E se Walter Otto narra la loro origine con accenti divini e olimpici, Roberto Calasso, nel suo splendido libro sul mito greco, Le nozze di Cadmo e Armonia, le racconta invece così:

“Le Muse erano fanciulle selvagge dell’Elicona. Fu Apollo a farle migrare sulla montagna di fronte, il Parnaso; fu lui a educarle ai doni che fecero di quel gruppo di fanciulle selvagge le Muse, quindi le donne che invadevano la mente, ma imponendo ciascuna le leggi di un’arte”.

Se le divinità femminili, da Atena ad Artemide, da Era ad Afrodite, ebbero sempre un’importanza quasi superiore a quelle maschili o almeno pari a quella di Zeus e Apollo, la Musa come divinità preposta all’arte rappresenta l’essenza stessa dello spirito greco e della sua civiltà, e non importa se in origine fosse una fanciulla selvaggia o una dea olimpica.

Perché la Musa, e quindi la musica, significa invadere la mente, portare conoscenza e verità come dono divino, e svela la bellezza e l’essenza delle cose: il poeta, il cantore, colui che canta e suona, è soltanto un mediatore, e talvolta un profeta, proprio per quell’invasione della mente che può arrivare al misticismo profetico attraverso la musica.

Le Muse attraversano il poeta e il profeta, in modo che possa cantare gli dei e la loro gloria, l’origine di tutte le cose, e il destino mortale degli uomini. In fondo, è ancora questo che fanno – o dovrebbero fare – la musica e tutte le arti: elevano lo spirito e affinano le percezioni.

In un bassorilievo, chiamato Apoteosi di Omero, un anonimo scultore del II sec a.C. ha raffigurato Omero in trono nella fascia più bassa, incoronato da varie divinità, e poi man mano che si sale vengono raffigurate tutte le Muse, e, in alto, il loro padre Zeus che conversa con la loro madre Mmemosyne in piedi accanto a lui, mentre una musa accenna un passo di danza.

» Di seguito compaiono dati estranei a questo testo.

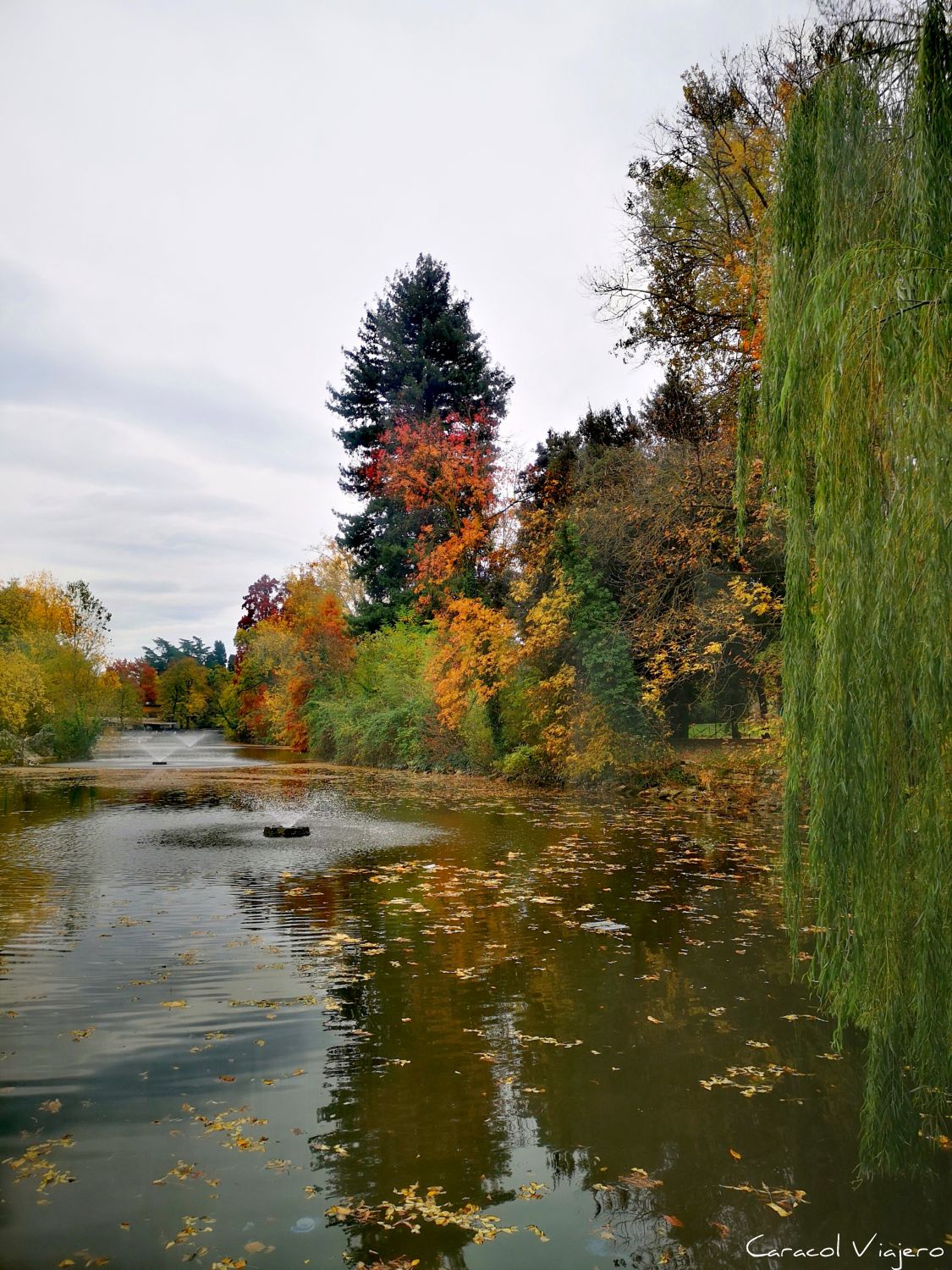 Qué ver en Bolonia en 2 días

Nel mito greco, le divinità femminili si presentano spesso in numero di tre o dei suoi multipli: tre erano le Grazie, le Moire, e le Erinni, dodici gli Dei dell’Olimpo, e nove sono le Muse.

Che all’inizio erano tutte uguali, nel loro presiedere alle arti.

Solo nella tarda grecità, ovvero nel periodo in cui la Grecia classica decadeva sotto il dominio romano, e si apriva invece quel fenomeno estetizzante detto ellenismo, le Muse ebbero la loro specializzazione artistica: Clio divenne la musa del canto epico, Euterpe la musa del canto lirico, Talia la musa della commedia, Melpomene della tragedia, Tersicore della danza, Erato del canto corale e della poesia d’amore, Polimnia del canto sacro, Calliope dell’elegia e Urania dell’astronomia e della geometria.

Ma tutte continuavano a cantare.

E proprio nel canto, le Muse erano superiori a qualsiasi essere umano poiché conoscevano alla perfezione non solo il passato e il presente, ma anche il futuro.

Sono le Muse che afferrano i mortali e donano loro quella follia che comporta l’elevazione e l’illuminazione dello spirito, in modo che diventi possibile il miracolo del canto e della poesia, che nella Grecia antica era musica: “scendi a me, Musa, dal tuo rifugio celeste”, è l’invocazione di Saffo.

I poeti della Grecia classica, i cosiddetti Lirici Greci, erano Saffo, Alceo, Ibico, Archiloco, e Alcmane, solo per nominare i più famosi.

Si racconta che uno di loro, Archiloco, abbia incontrato le Muse mentre portava una mucca dal pascolo al mercato: lungo il cammino, notò una schiera di donne e pensando che tornassero dal lavoro rivolse loro parole maliziose, e loro risposero allo scherzo prendendolo in giro e chiedendogli se stesse portando la sua mucca al mercato.

Poi si offrirono di comprargliela loro, a un prezzo adeguato, ma prima che Archiloco potesse rispondere, le donne e la mucca svanirono, lasciando ai piedi di Archiloco una cetra, che da quel momento accompagnò le sue poesie, e fu questo prezzo adeguato, fu questo il modo in cui le Muse dissero ad Archiloco di smetterla di allevare mucche, e invece scrivere versi e cantarli, perché lui era un poeta.

Infatti, i versi dei lirici greci, che ci sono giunti in frammenti, venivano cantati o accompagnati dalla musica, da strumenti a corde, e hanno la capacità di elevarci come se ci spuntassero delle ali, anche soltanto a leggerli: “Ardano attraverso la notte lungamente le stelle lucentissime”, è un frammento di Ibico tradotto da Salvatore Quasimodo, o come questo frammento di Alcmane: “Ruppero il canto le fanciulle / Come uccelli quando fulmineo / appare sopra d’essi lo sparviero”.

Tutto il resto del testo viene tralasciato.